Work is a fundamental need for all human beings. Through work we may find fulfillment, dignity, happiness and prosperity. The role of the community, when unimpeded, is to allow its individual members to specialize, supporting the expression and refinement of their talents through which they may find a wide sense of common purpose, and ensuring them a degree of protection.

The global economic system under which we live allows little individual freedom. Nature produces abundant raw materials but the opportunities for productive work are scarce and the jobs available provide little satisfaction. Would-be reformers may criticize the complex business system we call ‘capitalism’ but until the causes are thoroughly understood there can be no lasting improvement.

This paper re-assesses the origins of capitalism, especially in the English-speaking world, where it has grown up not as a manifestation of economic freedom but as a demonstration of human ingenuity when confronted by an unjust system of land tenure. Attempts to mitigate this injustice have given rise to institutions whose purpose is to redress the effects of a restrictive system of production and distribution, instead of institutions to serve the people and their natural aspirations.

Today similar patterns are developing in the newly-industrialising countries. Current economic thought seeks to explain the effects of laws operating in the capitalist system.
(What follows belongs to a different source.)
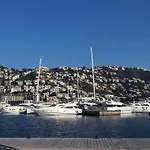 1020 Bonifaci I Bajo Izq, Solo Oira Las Olas Del Mar. Situacion Unica, Zona Muy Tranquila Edificio Pequeno Cerca Playa Y Rocas. Parking Privado Exterior. - Es-258-149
Only by rediscovering and teaching the universal principles of economics with justice will it be possible to avoid similar consequences and a widening gap between rich and poor.

Property – from propria, my own self, - is something pertaining to man. I have property in myself. I have a right to be free. All that proceeds from myself, my thoughts, my writings, my works, are property; but no man has property in land, and therefore it is not property.

Joseph Fisher

Anglo-Saxon England.

Life in Anglo-Saxon England was certainly hard by our standards, but working hours were not oppressive . Early authors describe England as bountiful. There is no evidence of disproportionate wealth in the hands of a few people, although some slavery existed. Manor houses were not fortified. If the harvest failed, there may have been hunger, but the situation was shared by all. Some may have been indolent but they were so from choice. The sick and the needy were cared for by the church and there was no hopeless poverty for people could support themselves if they so chose.

There was not much international trade, and little requirement for money . There was capital in that every farmer would have stores, and tools and specialists existed in the form of millers and a number of other crafts. It appears there was little or no requirement for money lending even were it permitted.

Despite the rustic existence learning was widespread among the noble families especially during and after the rule of King Alfred.

Most supported themselves by farming. The land was held to belong to the community and individuals occupied it as tenants, with rent taking the form of duties. Tenancy was for life, but the successor was most likely to be the son of the previous tenant, enjoying the improvements of their forebears and undertaking the same duties.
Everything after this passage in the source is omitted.